I was sorely disappointed after reading comments made by Imperial Metals Vice-President Steve Robertson and Mayor Walt Cobb.

Editor:

I was sorely disappointed after reading comments made by Imperial Metals Vice-President Steve Robertson and Mayor Walt Cobb in The Weekend Advisor, Friday, Nov. 20, regarding the delayed application to dispose of “treated mine effluent” from Mount Polley Mine.

Cobb stated ominously that “there will be another breach” and if such a disaster occurs he let it be known that it will be “solely” on the Ministry of Environment for taking too long to approve a request to “temporarily” dispose of tailings by pouring it into Quesnel Lake.

The title “City council demands immediate issuance of permit” alone is infuriating, less than a year and a half after one of the worst environmental disasters this province has ever seen and city council has the gall to make demands of the Ministry of Environment. I am astounded.

Are we seriously going down this road again?

Placing the blame for another breach on the Ministry of Environment for failing to put a stamp of approval on this ridiculous idea fast enough is preposterous — it’s akin to going down the same destructive path over and over again.
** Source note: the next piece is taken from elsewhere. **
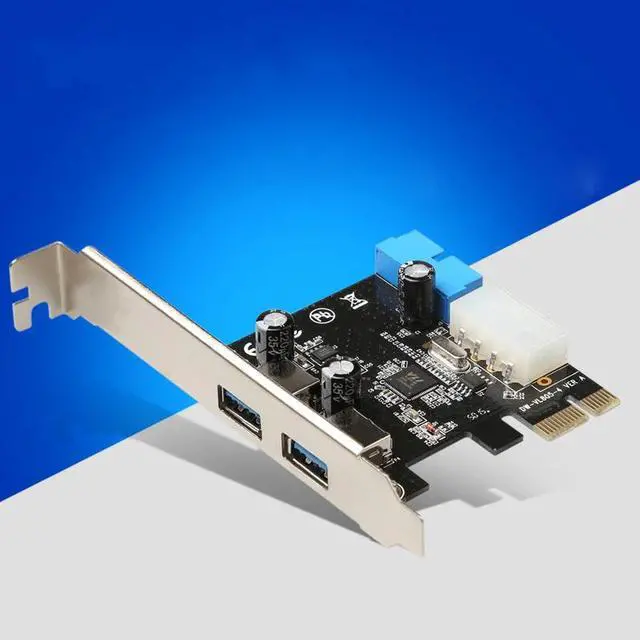 Main image of USB 3.0 PCI-E Expansion Card Adapter External 2 Port USB3.0 Hub Internal 19pin Header PCI-E Card 4pin IDE Power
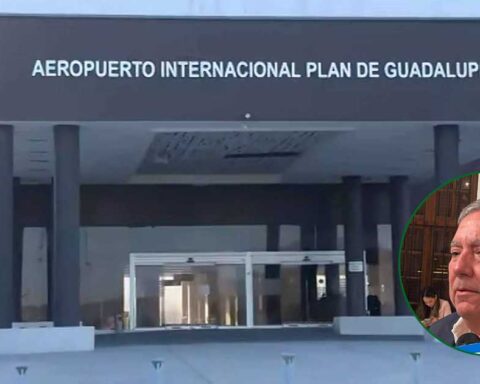 En grande, fachada del aeropuerto de Saltillo; dentro del círculo, Óscar Pérez Benavides, director del Servicio Estatal Aeroportuario.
Unbelievable.

When are we going to realize that quick fixes and short term solutions do not work?  Why was this mine reopened without some kind of plan in place in the event that the new storage ponds fill up too soon?

Here’s an option: Shut or slow things down long enough to generate and implement long-term solutions for this great community and its people and proactively develop and follow through with a plan that is going to work over the long-term.

These quick-fix ideas are not about getting people back to work — and it’s not about people’s livelihoods. If that were the case a lot more thought would be going into protecting precious bodies of water like Quesnel Lake and spending some money on more innovative and progressive methods for storing mine waste and tailings.

This is about corporate greed on the part of Imperial Metals and our fearless leader Christy Clark, who appears to have the foresight and social and environmental conscience of a cockroach. Locally, it is also about ignorance and short-sightedness on the part of Mayor Cobb.

There is no economy without our natural resources; there is no human race without clean water, clean air and a liveable climate.

I care about the people working at Mount Polley Mine; I understand that this employer is a huge part of the community in which we live.

But there is a balance and we really need to find it. Further polluting Quesnel Lake is not the answer.

If the new pit is filling up, instead of crying about it and throwing a tantrum (as demonstrated by both Robertson and Mayor Cobb) about another impending disaster and assigning blame while watching it happen, how about slowing production down, going back to the drawing board, spending some of that profit and coming up with a decent plan that creates local employment and also fits the environmental reality of the world we are living in?

Quesnel Lake is not lost; Imperial Metals is acting as though the lake is now expendable but it is not. As it stands right now Quesnel Lake is not a dumping ground, but if we don’t pull our heads out of the sand pretty darn quick it’s going to be too late.

This situation is one small example of a worldwide crisis and how much of a role corporate greed and small-time ignorance has in it. Why are we not standing up and saying enough is enough?